Off course you can't compare the e.g. RCS of a specifically modified Tornado or Typhoon with a "pure" stealth aircraft with an enclosed weapons-bay. But certainly with non modified
4 or 4/5 generation aircraft's - which constitute 90% of the present NATO forces.


buffnut453 said:


> View attachment 664086
> 
> 
> View attachment 664087
> ...


That is why civilian airliners as such are banned from operating in hot zones. The IAF and many others however use the existence of civilian aircraft's to strike targets that are not
banning civilian airliners in their airspace - without having declared a war. And certainly the Russian or any other military is concerned/worried about downing their own military
aircraft's. As you already mentioned the Stealth or any other military aircraft is just a part in a whole concept - and Russia doesn't have the money to cope with such a concept or to
develop/incorporate a similar concept and all it's necessary components. Not even to mention Stealth fighters/aircraft's as such.

Regards
Jagdflieger

Reactions: Informative Informative:
1 | Like List reactions


----------



## Macandy (Apr 8, 2022)

ThomasP said:


> I do not know how the F-35 compares to the F-22 in the air superiority role, but it is supposed to be formidable - and equally so or more so in its other intended roles.



The F-35 can overmatch any 4th Gen fighter, but nothing can take on an F-22 fighting on its terms - nothing.

Reactions: Agree Agree:
1 | Like List reactions


----------



## Macandy (Apr 8, 2022)

buffnut453 said:


> Also, interesting hypothetical comment about the S-400 not picking up the Tornado from other clutter....but I'd love to know at what range.
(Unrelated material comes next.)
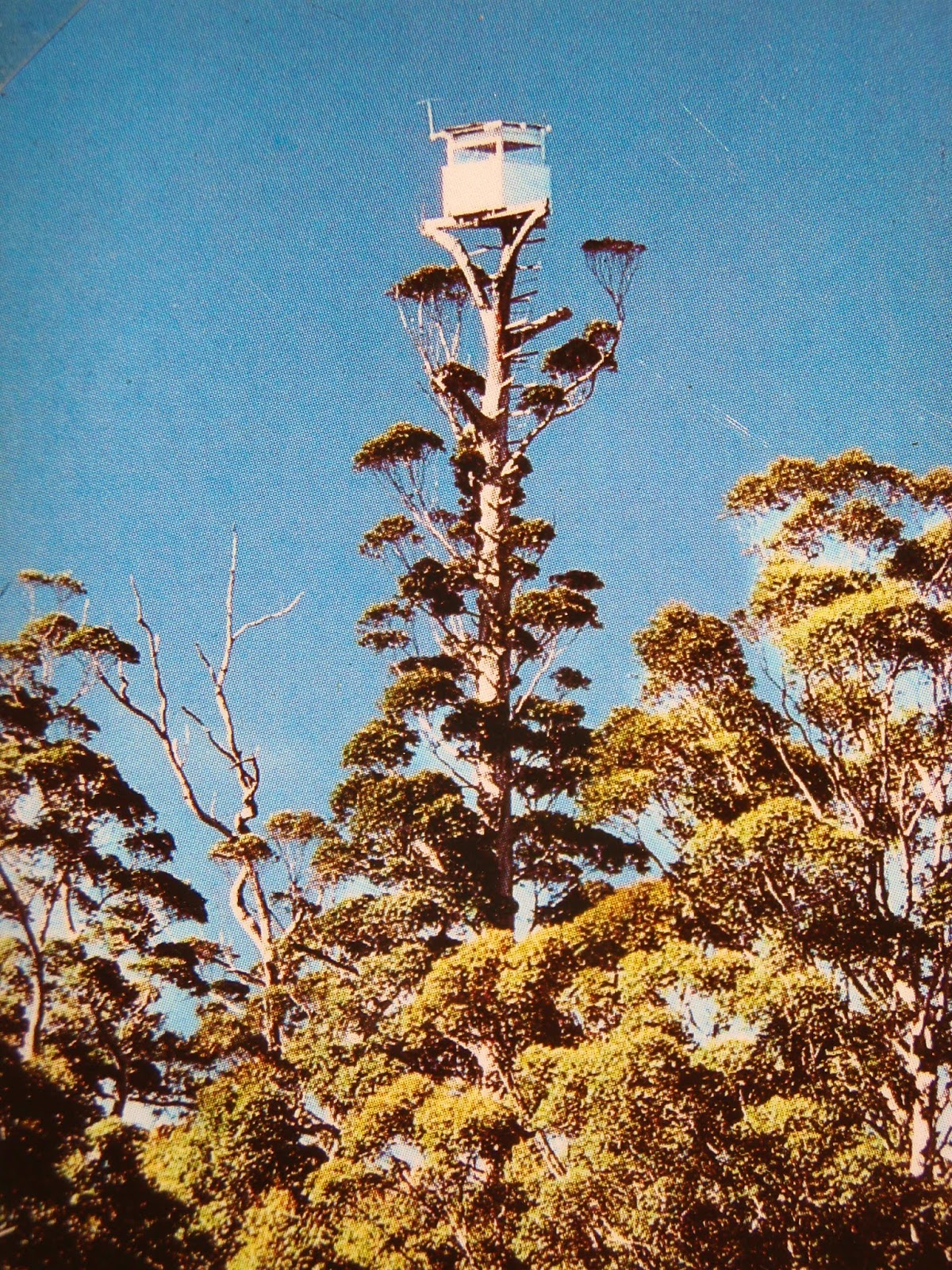 On the Lookout Fire Lookout Towers of Western Australia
If the S-400 can engage the Tonka at a range that's longer than that of the Tonka's weapons, then it's goodnight for the Tonka crew.



The Typhoon has an RCS the size of a small truck, its an unavoidable fact of its 1960's design - starting with those non shielded fan faces

As regards the S-400 - the Turks found its performance wasn't all that. Its much touted '400NM' range required a plane the size of a commercial airliner - and against an F-16, it was distinctly pedestrian. 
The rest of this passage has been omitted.